Специфическую этнографическую группу составляло коренное население Полесья и, особенно, Западного (Кобринского, Брестского и юго-западной части Пружанского уездов). Относительно этнической принадлежности этого населения в белорусской историографии второй половины XX в. сложилась странная традиция умолчания проблемы. Это вынуждает нас остановиться подробнее на этом сюжете. Дело в том, что большинство исследователей середины и статистических источников XIX — начала XX в. рассматривали значительную часть населения Западного Полесья как украинцев, а их язык — в качестве диалекта украинского языка. Такой подход был характерен для составителей этнографических атласов Р. Эркерта [317] и А. Риттиха [166], историков М. Кояловича [80] и Л. Василевского [402], этнографов Е. Карского [66] и Е. Романова [171], причем двух последних едва ли можно заподозрить в отсутствии белорусского патриотизма.
Общая численность украинцев в Западном Полесье по разным источникам составляла от 95 до 140 тыс. чел. (2,8-4,2 % всего населения Беларуси).
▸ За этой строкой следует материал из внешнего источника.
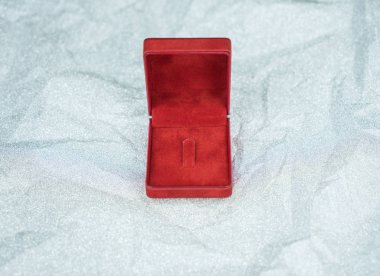 Kopya alanı olan boş kırmızı halka kutusu.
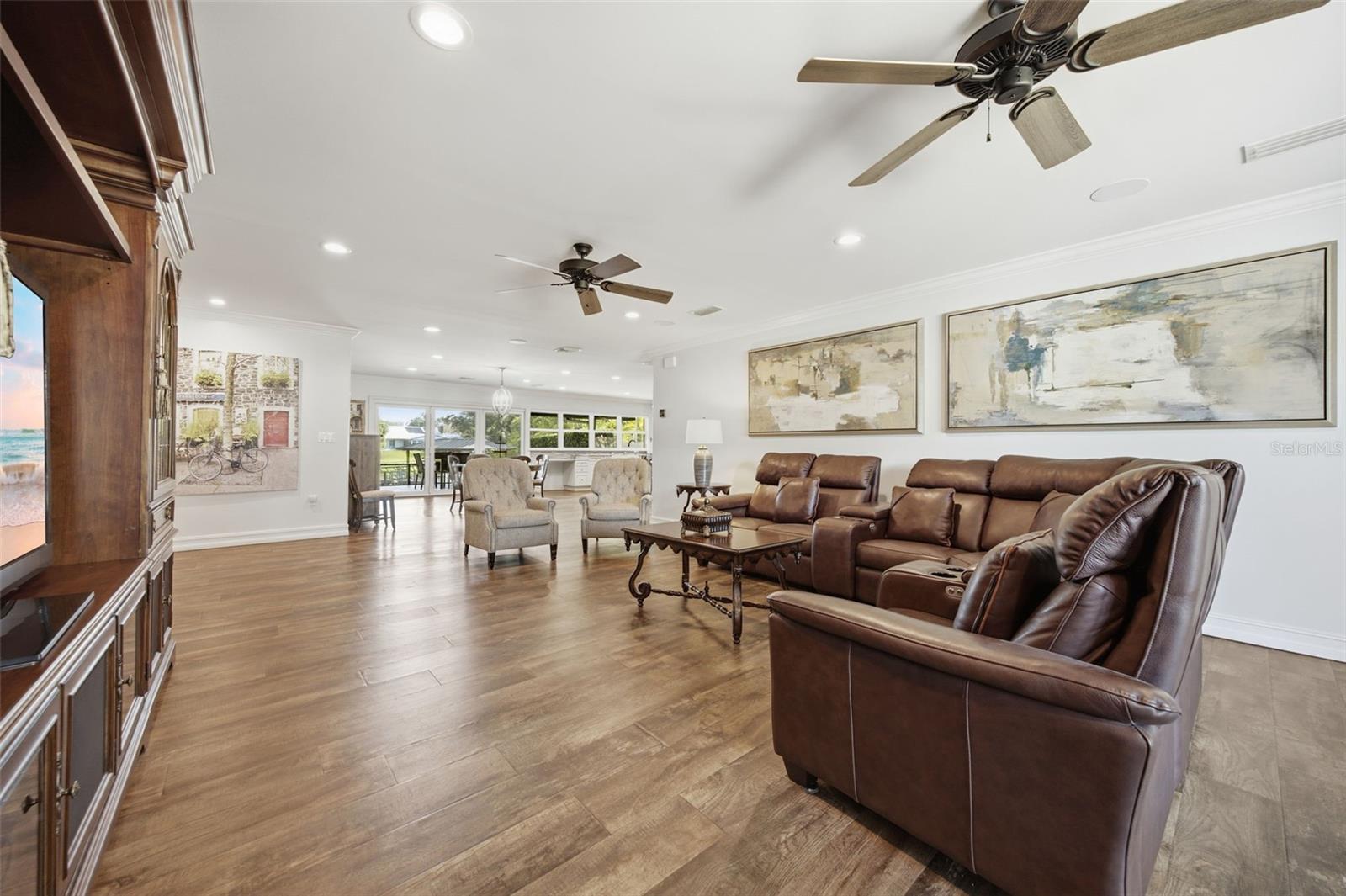 10715 CARROLLWOOD DR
Достаточно подробную информацию об этническом составе населения Западного Полесья дает табл. 1. Представленные в ней данные были собраны Гродненским губернским статистическим комитетом совместно с силами полиции («капитан-исправниками») [133, л. 6]. При этом, естественно, обращает на себя внимание высокий удельный вес украинского населения в Брестском (51,35 %) и Кобринском (69,59 %) уездах.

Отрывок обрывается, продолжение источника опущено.